El involucramiento estrecho de la jerarquía eclesiástica en el genocidio perpetrado entre la segunda mitad de la década del 70 y principios de la del 80 es harto conocido. Innumerables relatos de sobrevivientes de los centros de exterminio mencionan, una y mil veces, a las sotanas como parte del paisaje del terror.
Los representantes eclesiásticos cometieron en aquel entonces las más variadas atrocidades. Algunos, incluso, no tuvieron nada que envidiarles a los militares, policías, agentes penitenciarios y de inteligencia hacedores del plan sistemático de desaparición y muerte. Incluso no llegaron a dudar en avalar el asesinato (cumpliendo en algunos casos el rol de entregadores) de curas y seminaristas pertenecientes a la propia estructura eclesiástica.
Dentro de los centros clandestinos de detención indujeron a muchas víctimas a dar “confesiones” que se convertían en fuentes de información privilegiada para los verdugos. A través de obispos y de ONG como el Movimiento Familiar Cristiano fueron cómplices directos del robo de bebés, amparando la sustracción de sus identidades en beneficio de represores o familias amigas, todas muy católicas, por cierto.
Organizaron eventos públicos alabando el accionar de las Fuerzas Armadas. Y se negaron a la más mínima colaboración con familiares desesperados para que al menos supieran algo del paradero de sus sus hijos, hijas, nietas y nietos.
Estela de la Cuadra, hija de una de las fundadoras de Abuelas de Plaza de Mayo, hermana de desaparecidos y tía de una nieta recuperada en 2014, relató en una entrevista a este diario varios ejemplos de esa relación abyecta de la Iglesia con la dictadura. Entre otros, las reuniones realizadas en 1975 en las bases navales, en las que se explicaba a los militares cómo la Iglesia había aportado la “solución” para el “problema” de qué tipo de represión llevar adelante. Dicen que fueron los mismos obispos castrenses los que sugirieron el método de arrojar a los secuestrados al mar, ya que era “lo más cristiano que hay”.
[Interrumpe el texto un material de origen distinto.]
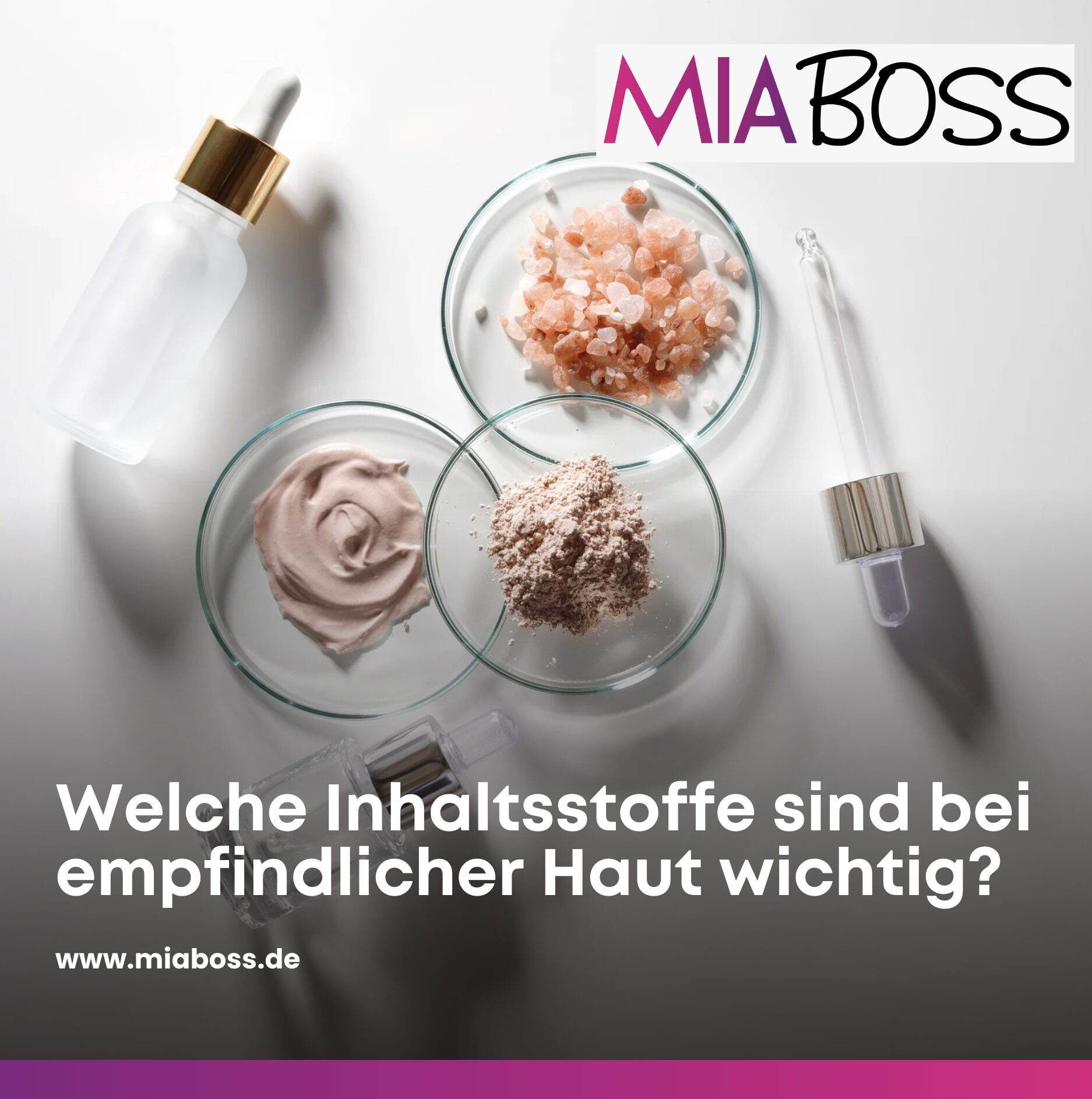 Inhaltsstoffe Concealer sind bei empfindlicher Haut wichtig?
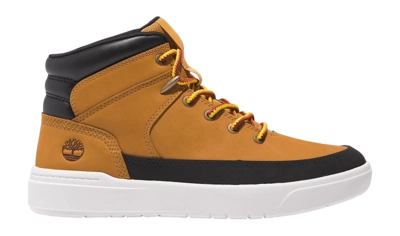 Timberland Men Seneca Bay Mid Lace Wheat 2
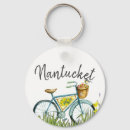 Search for vintage bicycle key rings Floral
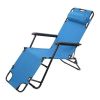 Folding Camping Reclining ChairsPortable Zero Gravity ChairOutdoor Lounge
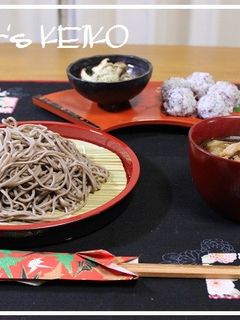 鶏ざる蕎麦-レシピのメイン写真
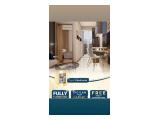 Jual Apartemen Murah 1BR di Vittoria Residence Jakarta Barat - Fully Furnish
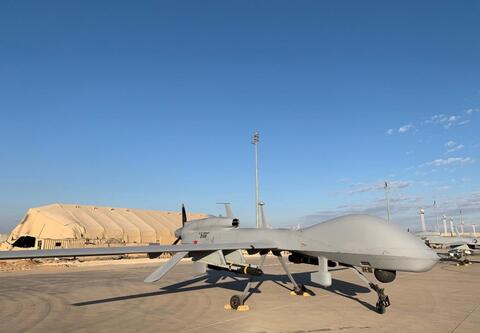 Why Would a Saudi Authority Want to Hold a Venue on Drones?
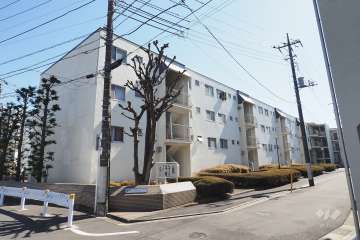 東荻窪マンションの外観（北西側から）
De la Cuadra también recuerda que en la desaparición y sustracción de identidad de su sobrina Ana Libertad jugó un rol destacado nada menos que Jorge Mario Bergoglio, quien aparentó “interceder” entre los secuestradores y la familia de las víctimas pero nunca hizo nada. Un modus operandi que obispos, vicarios y demás monseñores repitieron a lo largo y ancho de Argentina, quedando eternamente impunes.
Te puede interesar: "Bergoglio: el más conservador de los reformadores"
En 1977, a las órdenes de Monseñor Adolfo Tórtolo (vicario castrense y presidente de la Conferencia Episcopal Argentina), el mismo Bonamin que despotricaba en 1954 contra Perón decía que “si pudiera hablar con el gobierno le diría que debemos permanecer firmes en las posiciones que estamos tomando: hay que desestimar las denuncias extranjeras sobre desapariciones”.
Conversos sin culpa
La Iglesia de los monseñores Tórtolo, Bonamin, Aramburu, Pironio, Plaza, Quarrachino, Bergoglio, Aguer y compañía, una vez terminada la dictadura creyó que alcanzaba y sobraba con acomodar un poco el discurso a la nueva época y dedicarse a hablar “en nombre” de las personas pobres, humildes y excluidas.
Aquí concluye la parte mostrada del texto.